■ **Problem statement**: Every line in the listing below from the one with "Circles Orange Kids" through the one with "Women's Court Drip" is to be reproduced exactly, both ends included; leave out the rest.

-- Opening Marker --

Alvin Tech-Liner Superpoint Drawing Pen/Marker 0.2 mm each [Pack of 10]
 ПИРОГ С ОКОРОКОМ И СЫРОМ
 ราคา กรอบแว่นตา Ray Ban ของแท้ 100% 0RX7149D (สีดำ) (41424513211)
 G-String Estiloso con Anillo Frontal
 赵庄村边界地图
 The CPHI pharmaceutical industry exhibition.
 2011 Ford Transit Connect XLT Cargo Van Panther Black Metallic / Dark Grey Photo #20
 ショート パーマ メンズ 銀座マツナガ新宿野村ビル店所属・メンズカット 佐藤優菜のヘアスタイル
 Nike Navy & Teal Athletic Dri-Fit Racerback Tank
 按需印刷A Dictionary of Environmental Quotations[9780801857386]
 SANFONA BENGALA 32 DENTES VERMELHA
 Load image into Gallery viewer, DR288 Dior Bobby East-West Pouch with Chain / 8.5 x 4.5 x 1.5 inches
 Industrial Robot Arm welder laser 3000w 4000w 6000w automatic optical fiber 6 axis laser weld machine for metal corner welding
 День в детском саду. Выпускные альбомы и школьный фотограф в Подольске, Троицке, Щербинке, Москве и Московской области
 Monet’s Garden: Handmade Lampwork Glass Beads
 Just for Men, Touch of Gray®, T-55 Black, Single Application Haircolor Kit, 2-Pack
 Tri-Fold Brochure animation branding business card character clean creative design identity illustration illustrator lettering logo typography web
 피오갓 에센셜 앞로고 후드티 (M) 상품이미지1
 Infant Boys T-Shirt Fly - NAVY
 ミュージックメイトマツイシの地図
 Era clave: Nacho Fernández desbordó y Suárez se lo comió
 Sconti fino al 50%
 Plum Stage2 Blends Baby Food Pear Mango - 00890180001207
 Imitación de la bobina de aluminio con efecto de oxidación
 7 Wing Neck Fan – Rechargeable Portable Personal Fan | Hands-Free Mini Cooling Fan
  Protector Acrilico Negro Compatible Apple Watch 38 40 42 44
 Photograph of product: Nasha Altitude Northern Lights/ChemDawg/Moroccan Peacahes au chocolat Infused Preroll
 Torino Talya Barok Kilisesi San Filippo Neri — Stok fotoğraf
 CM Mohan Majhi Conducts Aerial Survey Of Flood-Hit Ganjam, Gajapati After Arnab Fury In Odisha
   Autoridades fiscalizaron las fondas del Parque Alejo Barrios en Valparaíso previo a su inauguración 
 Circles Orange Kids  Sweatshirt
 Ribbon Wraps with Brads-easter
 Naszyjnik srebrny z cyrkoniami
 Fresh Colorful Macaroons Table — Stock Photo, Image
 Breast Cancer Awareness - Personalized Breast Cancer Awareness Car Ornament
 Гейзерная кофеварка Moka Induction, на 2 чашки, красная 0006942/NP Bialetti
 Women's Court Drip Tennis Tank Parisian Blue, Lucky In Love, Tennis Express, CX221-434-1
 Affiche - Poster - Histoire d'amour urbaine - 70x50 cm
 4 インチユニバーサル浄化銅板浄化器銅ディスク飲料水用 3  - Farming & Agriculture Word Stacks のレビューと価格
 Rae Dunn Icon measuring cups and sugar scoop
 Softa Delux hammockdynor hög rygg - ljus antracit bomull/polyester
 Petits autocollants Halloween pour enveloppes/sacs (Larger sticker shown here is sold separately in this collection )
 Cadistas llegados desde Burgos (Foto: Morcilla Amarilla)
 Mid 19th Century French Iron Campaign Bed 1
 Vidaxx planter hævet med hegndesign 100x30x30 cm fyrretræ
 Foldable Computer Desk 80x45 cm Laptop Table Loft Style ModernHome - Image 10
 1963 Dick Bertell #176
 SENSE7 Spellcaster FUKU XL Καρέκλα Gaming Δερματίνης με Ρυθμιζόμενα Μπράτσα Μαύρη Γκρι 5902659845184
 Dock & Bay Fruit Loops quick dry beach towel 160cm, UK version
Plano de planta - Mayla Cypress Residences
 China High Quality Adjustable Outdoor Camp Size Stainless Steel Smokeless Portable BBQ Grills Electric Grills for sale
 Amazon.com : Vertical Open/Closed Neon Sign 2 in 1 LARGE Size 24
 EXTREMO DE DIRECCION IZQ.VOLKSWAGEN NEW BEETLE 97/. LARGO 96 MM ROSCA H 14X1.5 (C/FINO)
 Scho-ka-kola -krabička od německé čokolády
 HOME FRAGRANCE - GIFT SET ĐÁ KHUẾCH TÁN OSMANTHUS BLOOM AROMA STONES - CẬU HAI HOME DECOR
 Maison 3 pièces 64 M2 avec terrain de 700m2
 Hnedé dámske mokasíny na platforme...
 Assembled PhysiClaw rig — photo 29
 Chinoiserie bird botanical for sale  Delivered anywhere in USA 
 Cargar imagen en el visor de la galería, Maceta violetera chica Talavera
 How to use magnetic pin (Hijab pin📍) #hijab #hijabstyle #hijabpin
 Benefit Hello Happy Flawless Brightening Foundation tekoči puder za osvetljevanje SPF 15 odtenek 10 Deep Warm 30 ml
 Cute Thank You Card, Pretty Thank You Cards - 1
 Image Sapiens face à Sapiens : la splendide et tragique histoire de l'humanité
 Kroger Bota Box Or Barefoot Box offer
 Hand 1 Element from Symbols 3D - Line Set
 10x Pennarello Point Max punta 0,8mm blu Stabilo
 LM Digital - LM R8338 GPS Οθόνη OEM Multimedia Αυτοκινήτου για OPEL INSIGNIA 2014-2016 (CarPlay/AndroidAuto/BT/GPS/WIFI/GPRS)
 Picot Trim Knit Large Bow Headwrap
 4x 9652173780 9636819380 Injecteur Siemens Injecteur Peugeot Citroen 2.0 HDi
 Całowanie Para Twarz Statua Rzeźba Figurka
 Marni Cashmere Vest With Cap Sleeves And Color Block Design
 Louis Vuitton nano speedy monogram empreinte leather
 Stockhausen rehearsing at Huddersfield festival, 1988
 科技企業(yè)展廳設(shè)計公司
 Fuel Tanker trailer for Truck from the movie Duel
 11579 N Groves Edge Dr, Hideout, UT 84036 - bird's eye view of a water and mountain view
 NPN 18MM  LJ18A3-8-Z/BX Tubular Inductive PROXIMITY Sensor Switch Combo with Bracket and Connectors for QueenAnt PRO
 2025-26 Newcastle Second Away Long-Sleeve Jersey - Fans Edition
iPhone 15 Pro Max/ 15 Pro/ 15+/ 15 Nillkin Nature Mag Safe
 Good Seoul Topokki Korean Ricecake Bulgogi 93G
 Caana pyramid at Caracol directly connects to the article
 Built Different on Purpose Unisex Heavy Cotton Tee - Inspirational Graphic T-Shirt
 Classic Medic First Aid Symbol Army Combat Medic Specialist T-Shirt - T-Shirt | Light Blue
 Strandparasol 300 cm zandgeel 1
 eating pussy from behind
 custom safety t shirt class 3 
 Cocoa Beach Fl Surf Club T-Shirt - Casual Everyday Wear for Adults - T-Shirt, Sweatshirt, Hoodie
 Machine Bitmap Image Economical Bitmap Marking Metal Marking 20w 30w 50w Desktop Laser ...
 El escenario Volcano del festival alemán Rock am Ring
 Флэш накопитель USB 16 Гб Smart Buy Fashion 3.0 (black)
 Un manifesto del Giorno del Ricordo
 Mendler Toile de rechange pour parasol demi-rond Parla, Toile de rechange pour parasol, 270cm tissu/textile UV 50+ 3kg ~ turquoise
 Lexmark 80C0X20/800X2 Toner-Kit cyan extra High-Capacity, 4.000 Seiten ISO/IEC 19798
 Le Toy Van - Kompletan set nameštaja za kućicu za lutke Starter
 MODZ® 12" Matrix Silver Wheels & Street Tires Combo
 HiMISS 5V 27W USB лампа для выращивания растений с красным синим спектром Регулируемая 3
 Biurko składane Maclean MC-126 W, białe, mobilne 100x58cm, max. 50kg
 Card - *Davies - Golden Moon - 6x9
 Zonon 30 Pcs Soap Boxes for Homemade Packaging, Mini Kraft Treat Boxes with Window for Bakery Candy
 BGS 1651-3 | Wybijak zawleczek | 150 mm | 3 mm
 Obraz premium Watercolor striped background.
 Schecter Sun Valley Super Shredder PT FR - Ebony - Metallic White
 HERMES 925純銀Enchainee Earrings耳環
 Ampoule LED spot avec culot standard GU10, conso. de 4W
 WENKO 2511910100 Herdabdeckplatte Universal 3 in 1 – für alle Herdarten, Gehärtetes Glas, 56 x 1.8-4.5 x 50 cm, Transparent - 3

-- Closing Marker --

■ **Response area**:
 Circles Orange Kids  Sweatshirt
 Ribbon Wraps with Brads-easter
 Naszyjnik srebrny z cyrkoniami
 Fresh Colorful Macaroons Table — Stock Photo, Image
 Breast Cancer Awareness - Personalized Breast Cancer Awareness Car Ornament
 Гейзерная кофеварка Moka Induction, на 2 чашки, красная 0006942/NP Bialetti
 Women's Court Drip Tennis Tank Parisian Blue, Lucky In Love, Tennis Express, CX221-434-1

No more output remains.